Does anyone know how to deal with the following error with tabularlist?
----------------------------------------------------------------------
AttributeError Traceback (most recent call last)
<ipython-input-8-ca8ea327f64f> in <module>
19 .split_by_idx(valid_indx)
20 # .split_by_rand_pct(0.2)
---> 21 .label_from_df(cols=dep_var)
22 .add_test(test,label=0)
23 .databunch())
~/anaconda3/envs/econda/lib/python3.7/site-packages/fastai/data_block.py in _inner(*args, **kwargs)
475 self.valid = fv(*args, from_item_lists=True, **kwargs)
476 self.__class__ = LabelLists
--> 477 self.process()
478 return self
479 return _inner
~/anaconda3/envs/econda/lib/python3.7/site-packages/fastai/data_block.py in process(self)
529 "Process the inner datasets."
530 xp,yp = self.get_processors()
--> 531 for ds,n in zip(self.lists, ['train','valid','test']): ds.process(xp, yp, name=n)
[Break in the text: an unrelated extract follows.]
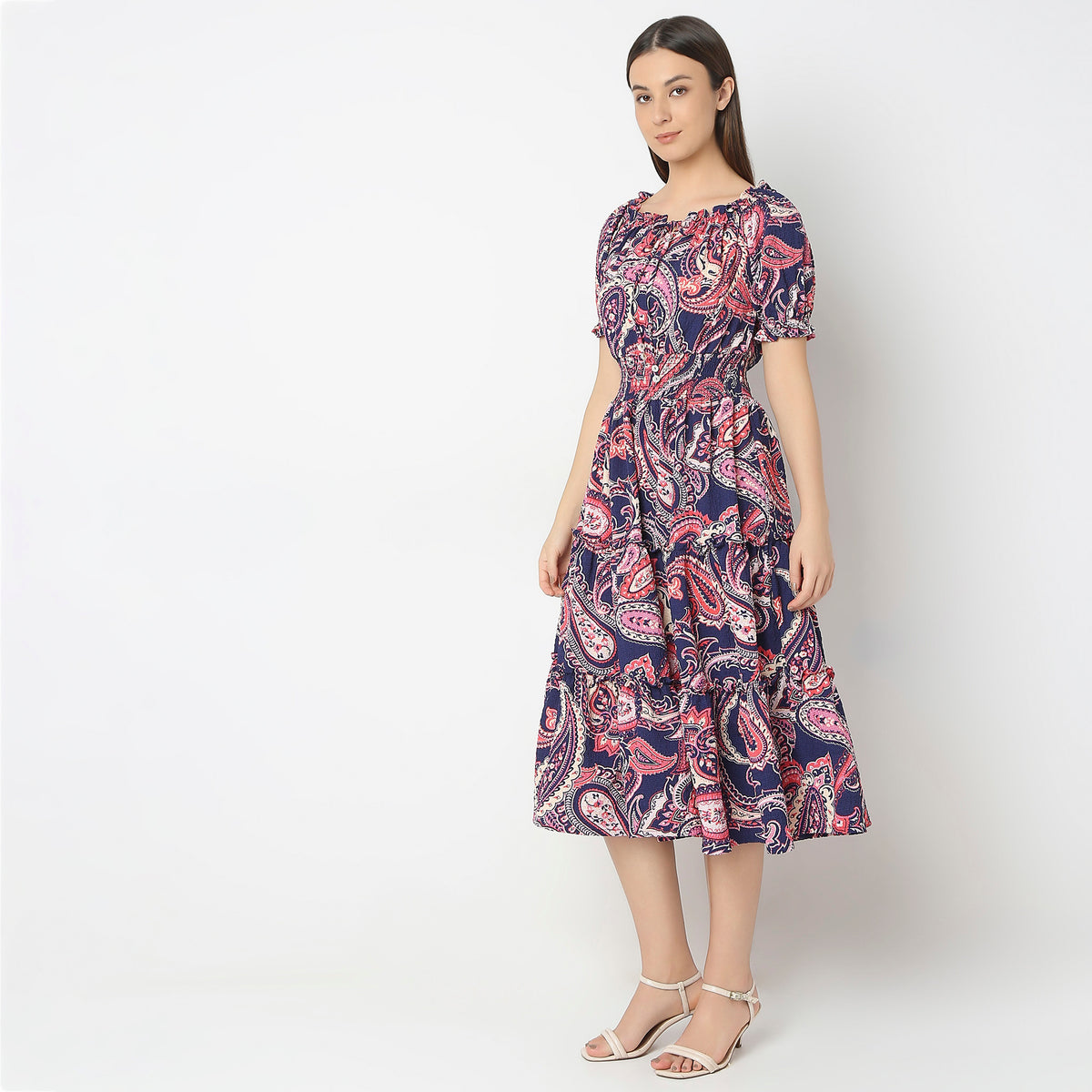 Flare Fit Printed Dress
532 #progress_bar clear the outputs so in some case warnings issued during processing disappear.
533 for ds in self.lists:
~/anaconda3/envs/econda/lib/python3.7/site-packages/fastai/data_block.py in process(self, xp, yp, name)
709 p.warns = []
710 self.x,self.y = self.x[~filt],self.y[~filt]
--> 711 self.x.process(xp)
712 return self
713
~/anaconda3/envs/econda/lib/python3.7/site-packages/fastai/data_block.py in process(self, processor)
81 if processor is not None: self.processor = processor
82 self.processor = listify(self.processor)
---> 83 for p in self.processor: p.process(self)
84 return self
85
~/anaconda3/envs/econda/lib/python3.7/site-packages/fastai/tabular/data.py in process(self, ds)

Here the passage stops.